• Exercise details: Beginning with the line that includes "Shorts - Green" and ending with the last line of the entries below, set down each line exactly; include no pictures.
+ + + +
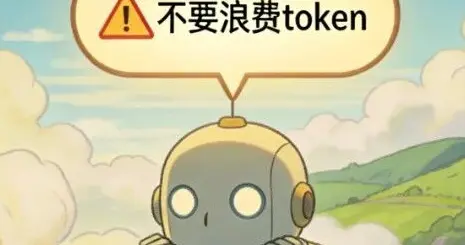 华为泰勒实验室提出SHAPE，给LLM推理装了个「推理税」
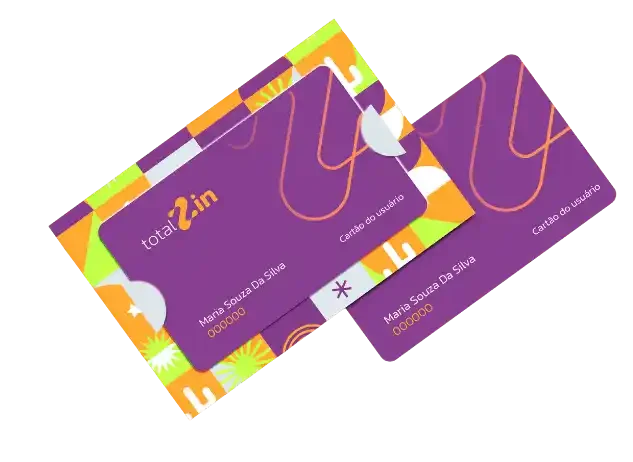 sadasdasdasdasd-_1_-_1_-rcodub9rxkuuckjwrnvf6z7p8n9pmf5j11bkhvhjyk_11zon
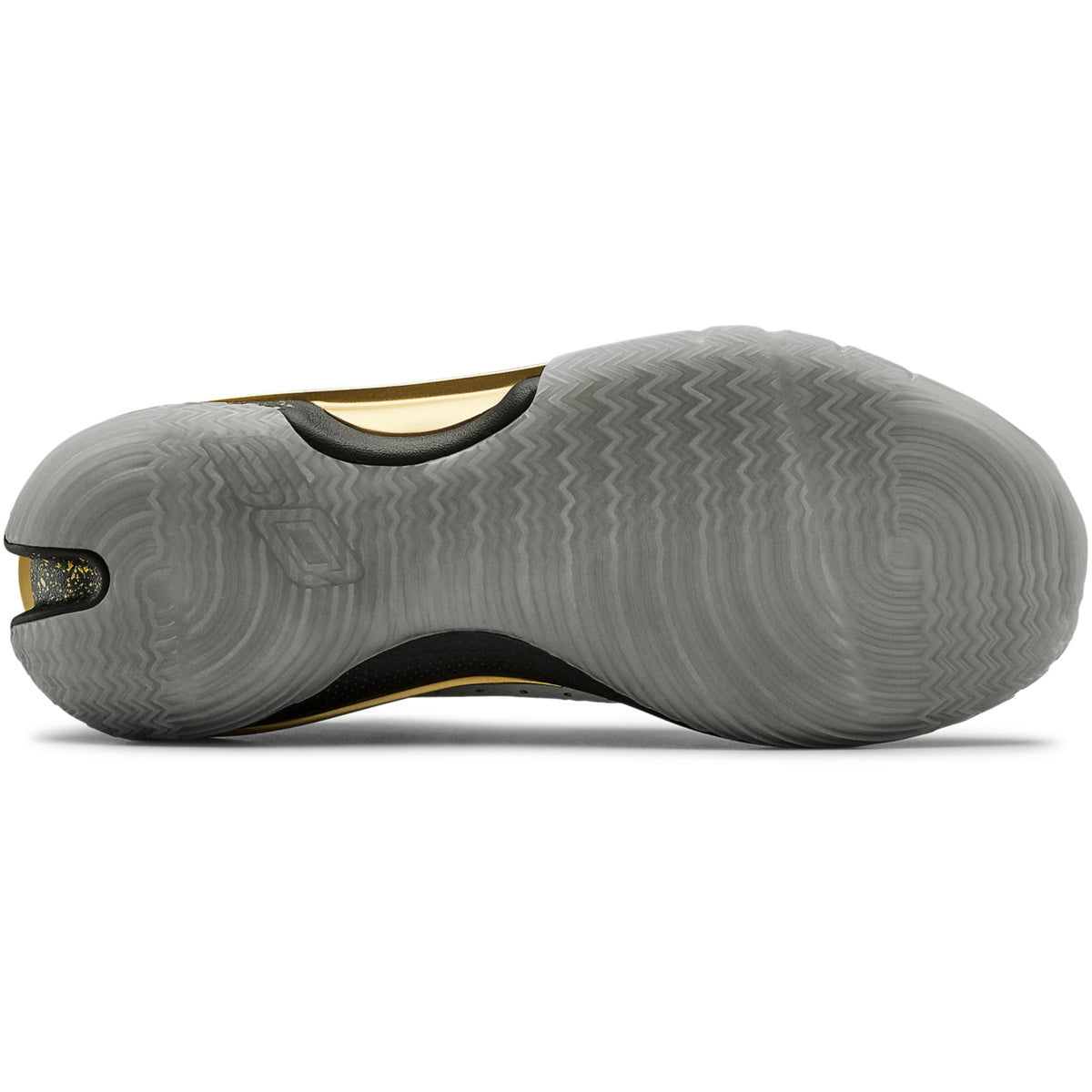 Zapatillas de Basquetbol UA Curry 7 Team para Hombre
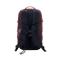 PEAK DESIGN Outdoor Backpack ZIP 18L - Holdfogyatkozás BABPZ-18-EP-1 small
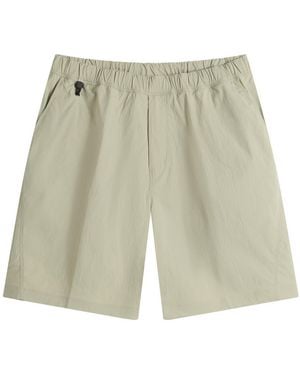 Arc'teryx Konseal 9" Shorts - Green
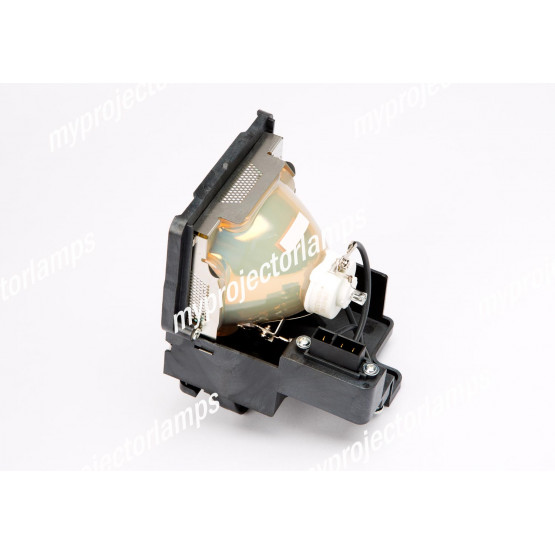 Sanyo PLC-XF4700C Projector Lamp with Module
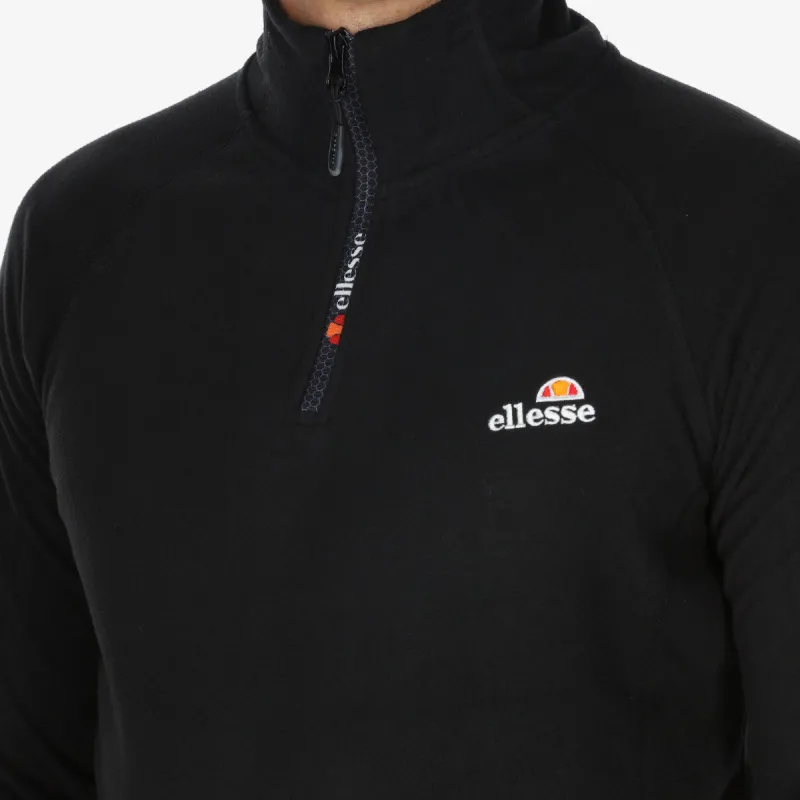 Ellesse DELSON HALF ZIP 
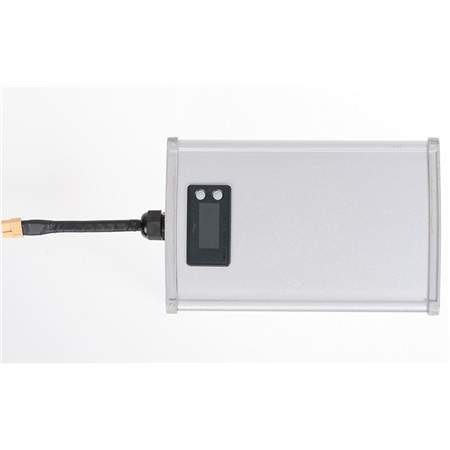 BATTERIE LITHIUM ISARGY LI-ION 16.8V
+ + + +
• Exercise result:
 Arc'teryx Konseal 9" Shorts - Green
 Sanyo PLC-XF4700C Projector Lamp with Module
 Ellesse DELSON HALF ZIP 
 BATTERIE LITHIUM ISARGY LI-ION 16.8V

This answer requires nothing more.